The Evolution and Impact of Mom Bloggers
Written by Tim on April 24, 2013
Mom bloggers have played crucial roles in transforming the Internet. What was simply a setting for the exchange of information when first released to the public has become a nexus for both business and pleasure in people’s lives. Mom blogs have also helped make the Internet into a tool for social good. As both the Internet and the mom blogging phenomenon develop, people are finding more and more valuable uses for their computers and their passions in life.
The Dawn of the Internet
Initially, the online world was a good place to get your email and find out about the latest news. As bandwidths expanded and computers with Internet connections became more prevalent in modern households, the Internet became the location for more and more of people’s daily lives. It was no longer just a place that you visited occasionally to check in. It became the focus of many peoples’ lives. Existing companies began to move much of their business there and many new companies founded their operations on the web.
Working from Home Attractions
The Internet also presented opportunities for people to work from home. Many employers took advantage of the possibilities and allowed workers to complete their work at home and send their work in via fax or email. Other people founded businesses on the Internet. They sold products or performed services via the World Wide Web.
The attractions of this lifestyle were numerous. You could avoid long commutes or incorporate your work into a hectic life full of other responsibilities. Soon, people realized how blogging could be turned into a moneymaking enterprise.
Blogs began as platforms for people to communicate online. They created small websites, which were usually free. They were excellent locations for posts about people’s thoughts on a variety of subjects. Some blog owners focused on current events while others were interested in specific topics, such as sports or religion.
These blogs were also excellent platforms for advertisements and portals for business. Blogs that received a lot of traffic were able to generate money for their owners when a sufficient number of curious visitors clicked on advertisements or followed links to web pages selling specific products.
Mom Blogging Phenomenon
Stay-at-home mothers also discovered a way to utilize these blogs for income. They were perfect solutions to the quandaries faced by many mothers. They wanted to stay at home with their children but also provide an income for the family and find outlets for their passions and their desires to work. With blogs, they were able to do all that and more.
The New York Times first noted the phenomenon on a national level in January of 2005. At that time, there were only around 8,000 people blogging about their families. Only a handful were mothers dedicated to making a living from their weblogs, as they were still called then.
Many of these initial mom blogs were centered entirely around their families. Women shared stories about their children, the common struggles of raising kids, what their lives were like before having children and what they would do when the kids were grown up a little more.
It became much more than that. Mothers discovered that the conversations that they were having online were drawing crowds. These crowds were curious about lots of things and eager to take part in the discussions. Suddenly, mom blogs were not just digital versions of backyard fences and residential street corners where a handful of women could share their thoughts. Instead, they were wide open marketplaces. People came to talk but, more significantly, some people came with their wallets open.

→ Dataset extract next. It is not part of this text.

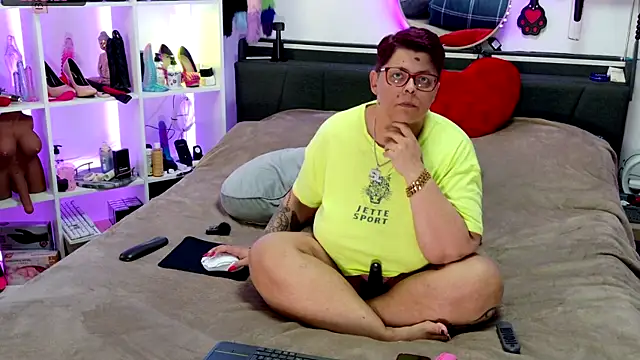 Snapshot of SunshineLexi chatting on March 8, 4:11 pm SunshineLexi online show from March 8, 4:11 pm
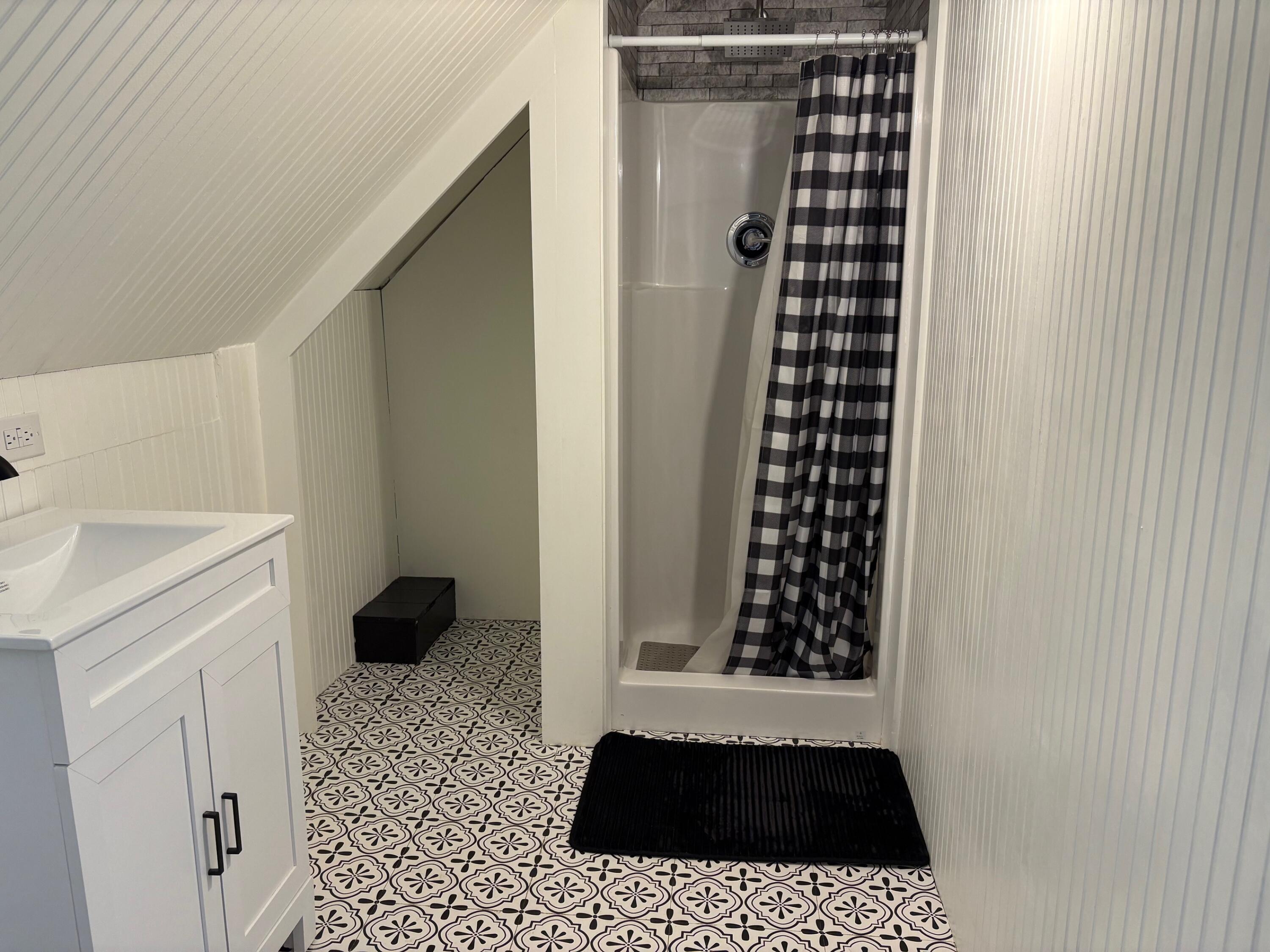 360 Cushing Road Warren ME 04864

The Rise of the Blogging Empire
The shrewd use of advertisements and third-party affiliate sales helped to propel the mom-blog phenomenon in to the spotlight. Women who had stayed at home to raise their children were amazingly doing it all. They had the kids and the career. Once they had pined for lost freedoms and discussed their mutual disillusionment on their blogs. Now, many of them were turning their blogs into centers of ecommerce.

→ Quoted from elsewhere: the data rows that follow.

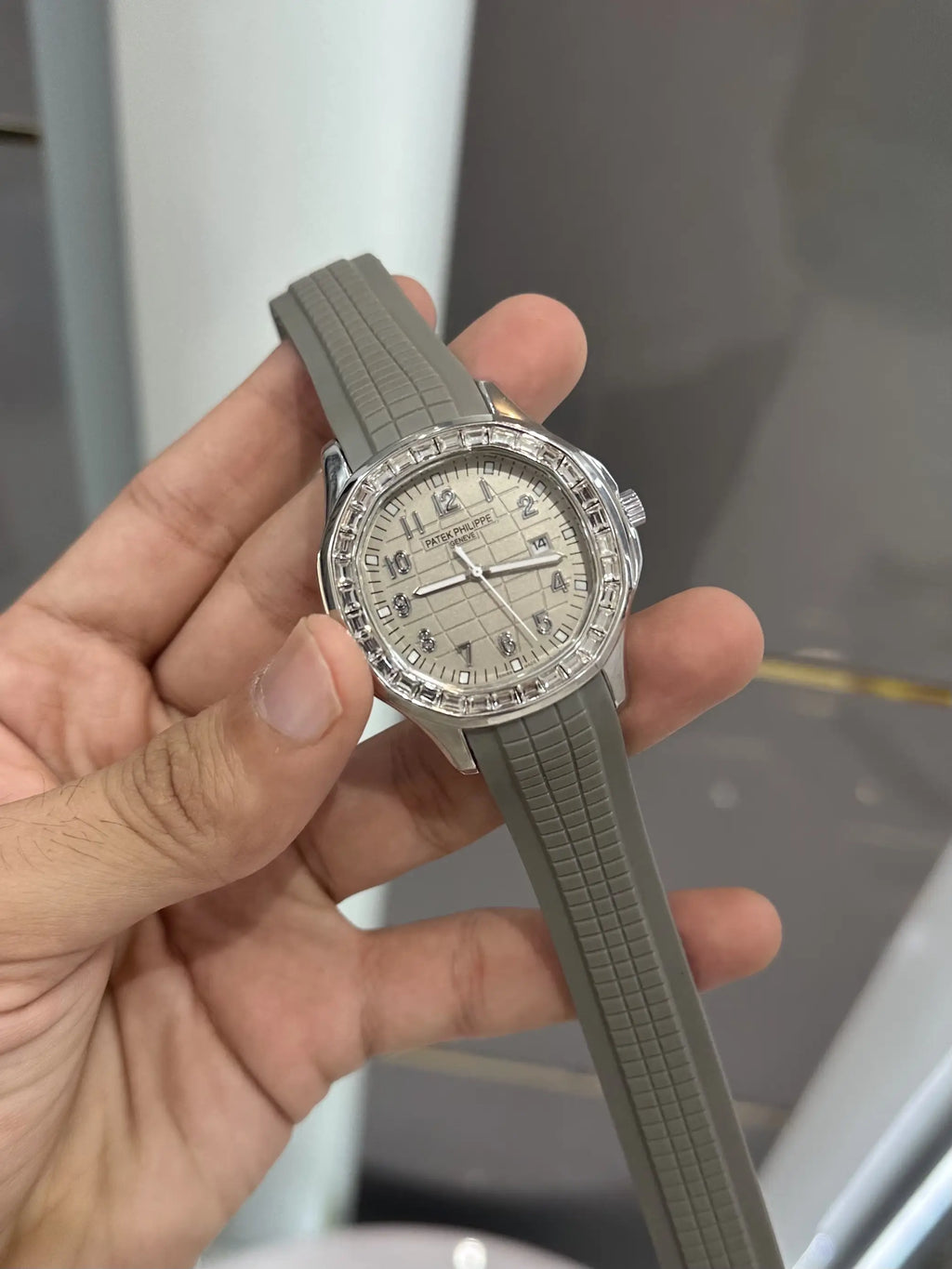 Patek Aquanaut Grey Diamond Premium W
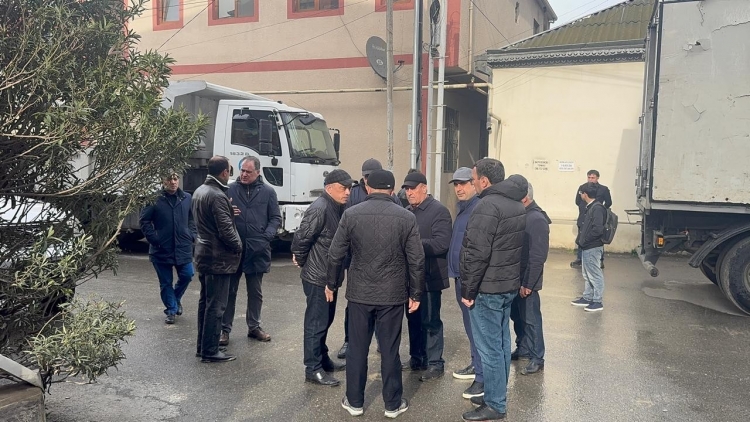 Xətaidə kollektorun üzərində tikilən ev sökülüb –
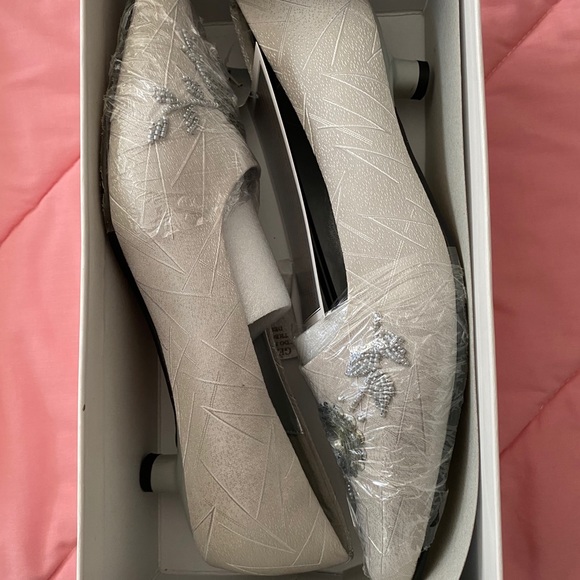 Floral Collection Women’s Evening Shoe - Picture 2 of 9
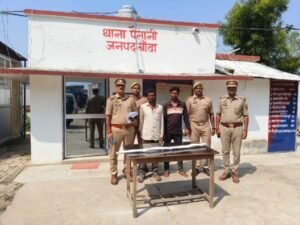 बांदा 16 अक्टूबर 26*भांजे की हत्या में मामा और ममेरा भाई गिरफ्तार,डंडा बरामद*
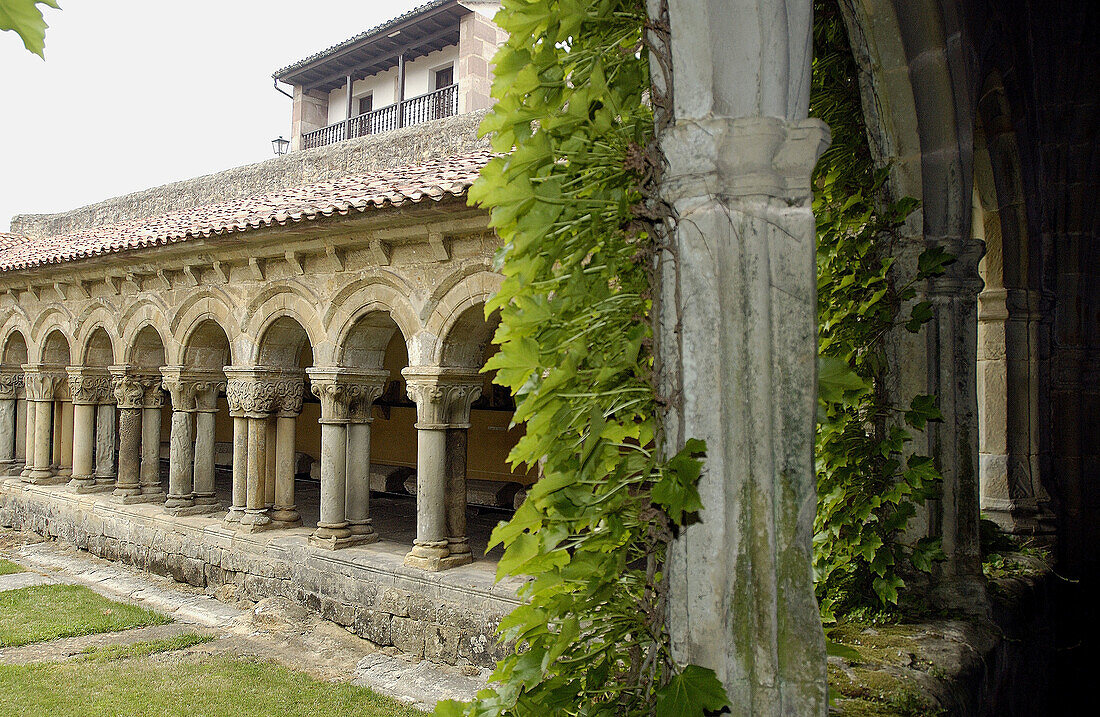 Kreuzgang der romanischen Stiftskirche. Santillana del Mar. Kantabrien, Spanien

According to a 2012 article in PR Daily, a web-based news site, Mom bloggers now control roughly $2 trillion worth of American purchasing power alone. They have gone far beyond the blogs that detailed their daily struggles. Many of them have gone on to run blogs about politics, economics and a bevy of cultural issues. Between them, they sell advertisement spots, products and a variety of services.
By now, many of the first mom bloggers have gone through incredible transitions. They started out just finding people to talk to while they cooked, cleaned and change diapers. Soon they discovered how to add some supplemental income to their lives with deft use of their blogs. By now, many of them are actually supporting their families with their online work and earning more than they ever imagined doing with their degrees or their old jobs.
Impact of Social Media
Social media began to transform the Internet again with the rise of platforms such as MySpace, Facebook and Twitter. Rather than take away from the opportunities found on older platforms such as blogs, these new element sin the equations of Internet success simply added more ways to garner visitors. In fact, social media just made it easier for these moms to transform their blogs by targeting the audiences that they needed to generate income with their writing.
Varieties of Mom Bloggers
Today there is a wide variety of mom bloggers. What was once a niche now has many of its own special corners. For example, there are leagues of mom blogs dedicated to women of various ethnicities, such as the Latina Mom bloggers group. Then there are Mom Bloggers for Social Good, a global alliance of women from 17 countries that just formed last year. They use their traffic and their skills to help a variety of good causes and NGOs around the world.
A synergy has developed and continues to develop between these mothers and the Internet as a whole. They have successfully transformed the web from a mere tool for communication into an instrument of social welfare.